The university accreditation guidance, by design, avoids being over prescriptive to provide leeway for educators to teach with different focusses and different teaching methods. The UK-SPEC and AHEP learning outcomes approach utilises a broad framework for general engineering with sufficient scope for interpretation structured around: knowledge and understanding; design and development of processes, systems, services and products; responsibility, management or leadership; communication and interpersonal skills; and professional commitment.

This approach also allows for innovation and diversity in how the teaching is provided, whether learning through physical experimentation and analysis such as at the University of Cambridge, through design exercises and industrial placements such as at the University of Bath, or through problem-solving learning approaches such as at University College London (Graham, 2018). Within this flexible framework, the approach functions well for already established and existing core learning topics that meet the needs of today, such as analysis and design of concrete and steel structures to existing codes of practice. This accreditation approach functions less effectively when discussing what new and developing content is needed to meet the needs of future generations of engineers, such as automated fabrication or a focus on adapting and upgrading existing infrastructure. The authors believe this lack of over-prescription in accreditation is a net positive—it allows educator’s flexibility and independence—yet challenges with predicting and preparing for an unknown future tend to encourage universities to provide education overly based on the requirements of the past, and additional support could be provided in this field.

Out of the suite of guiding documents for engineering training at university, the JBM guidelines for developing degree programmes provide the most targeted guidance for civil engineering degrees, and the latest version of the guidelines (JBM, 2021) is applauded for its forward-thinking encouragement of knowledge and skills, in particular with regard to the climate emergency—exemplified by the introductory statement to place the ‘Climate Emergency as a very necessary central cultural feature in the education of civil engineering students’ and the accompanying guidance on the low carbon agenda. However, do these guidelines anticipate and prepare training for all the skills we believe the next engineers will need? And if not, what other skills should we add to close this skills gap?

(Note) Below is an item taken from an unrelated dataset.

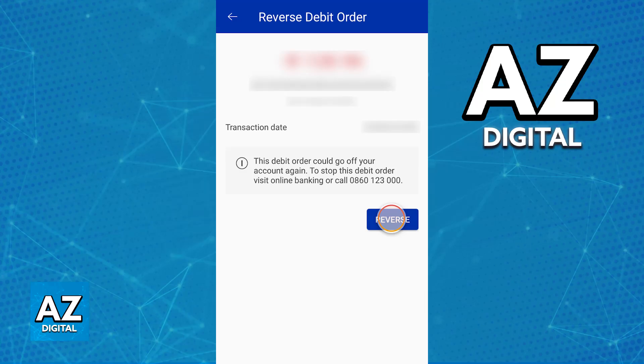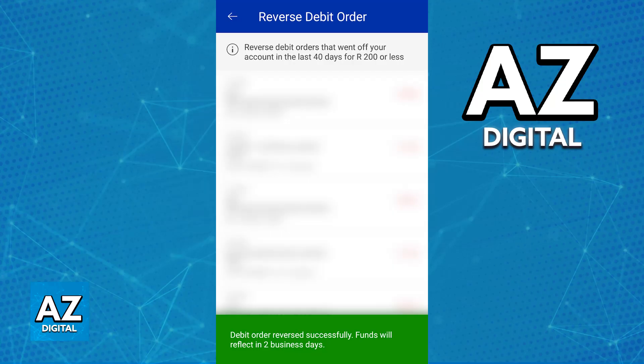When you choose Reverse, you will have to select the reason, but don't worry — this will not have a major impact on getting this debit order reversed. You just have to confirm and agree with the terms and conditions. Immediately upon doing this, you will see this warning at the bottom of your screen: Debit order reversed successfully, funds will be reflected in two business days.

Engineering education extends significantly beyond the UK and the JBM’s purview: not all engineers complete degrees, and most of the world’s engineers study outside the UK. However, if we use the existing UK University engineering education framework of the JBM guidance, we can highlight: which skills required for the next engineers are currently being taught, which skills required for the next engineers should be added to curricula, and at what stage and method of education these skills should be taught.

In Figure 3, we categorise the anticipated necessary new skills highlighted in Section 2 onto two axes: the first is the learning stage the skills could be introduced (from high school to early career), and the second is a timeline for when the skills are to be introduced in the training of the next engineers. The skills have been formatted based on which annex of the JBM’s guidelines they are outlined in and placed on the timeline according to typical adoption in UK university engineering curricula. The resulting new skills are collected into six groupings, which broadly divide the new skills into categories related to either the skill type (column headings from Fig. 2, i.e. Technological skills) or the industry goal (row headings from Fig. 2, i.e. build less or with less embodied carbon).

Fig. 3
figure 3

Skills for the next engineers—current and future curriculum changes (Authors’ original)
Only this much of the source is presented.